All these researches, which are here summed up in a few lines, demanded long years for their accomplishment. Despairing of completing them, I abandoned them more than once to return to those labours of the laboratory in which one is always sure of skirting the truth and of acquiring fragments at least of certitude.
But while it is very interesting to explore the world of material phenomena, it is still more so to decipher men, for which reason I have always been led back to psychology.
Certain principles deduced from my researches appearing likely to prove fruitful, I resolved to apply them to the study of concrete instances, and was thus led to deal with the Psychology of Revolutions--notably that of the French Revolution.
Proceeding in the analysis of our great Revolution, the greater part of the opinions determined by the reading of books deserted me one by one, although I had considered them unshakable.
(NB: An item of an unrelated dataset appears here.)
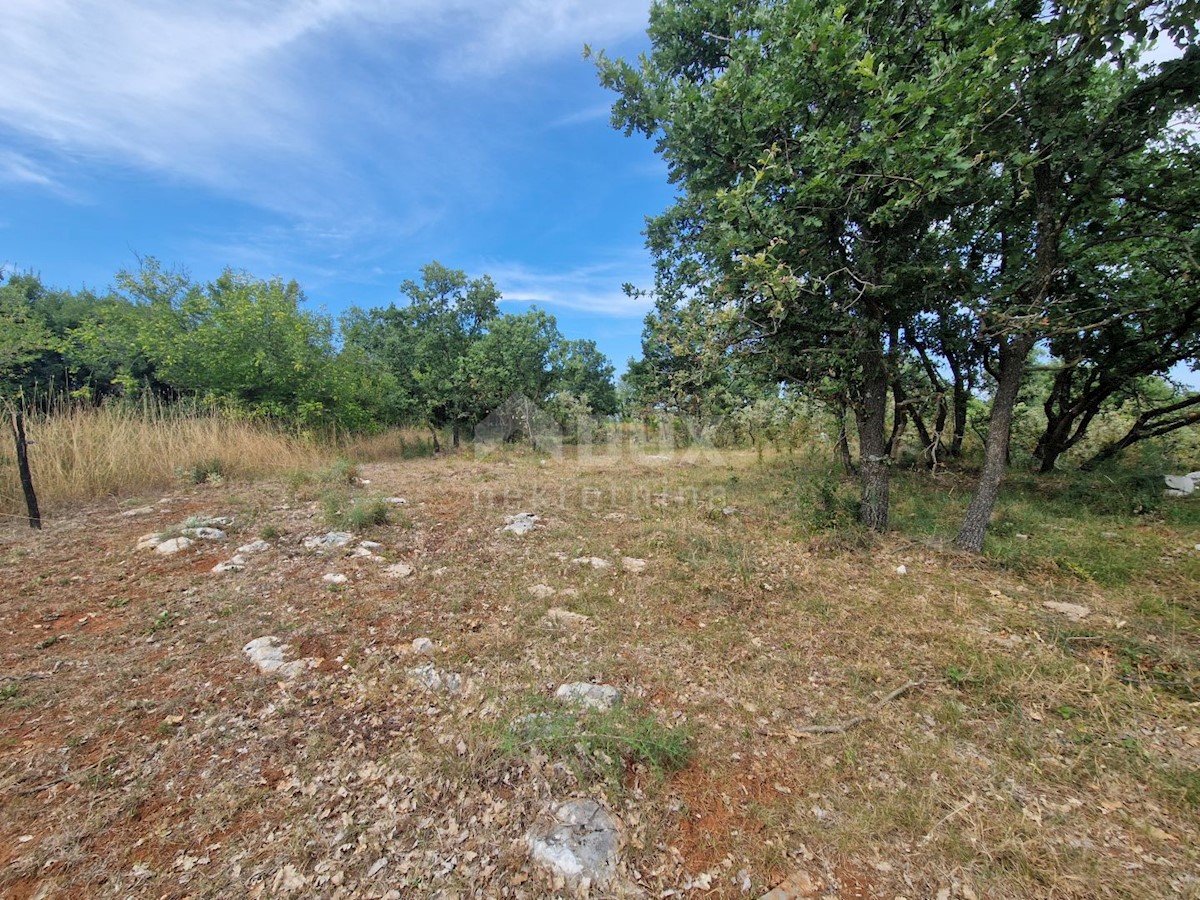 ISTRIA, KRNICA - Complesso terreno con vista mare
To explain this period we must consider it as a whole, as many historians have done. It is composed of phenomena simultaneous but independent of one another.
Each of its phases reveals events engendered by psychological laws working with the regularity of clockwork. The actors in this great drama seem to move like the characters of a previously determined drama. Each says what he must say, acts as he is bound to act.
To be sure, the actors in the revolutionary drama differed from those of a written drama in that they had not studied their parts, but these were dictated by invisible forces.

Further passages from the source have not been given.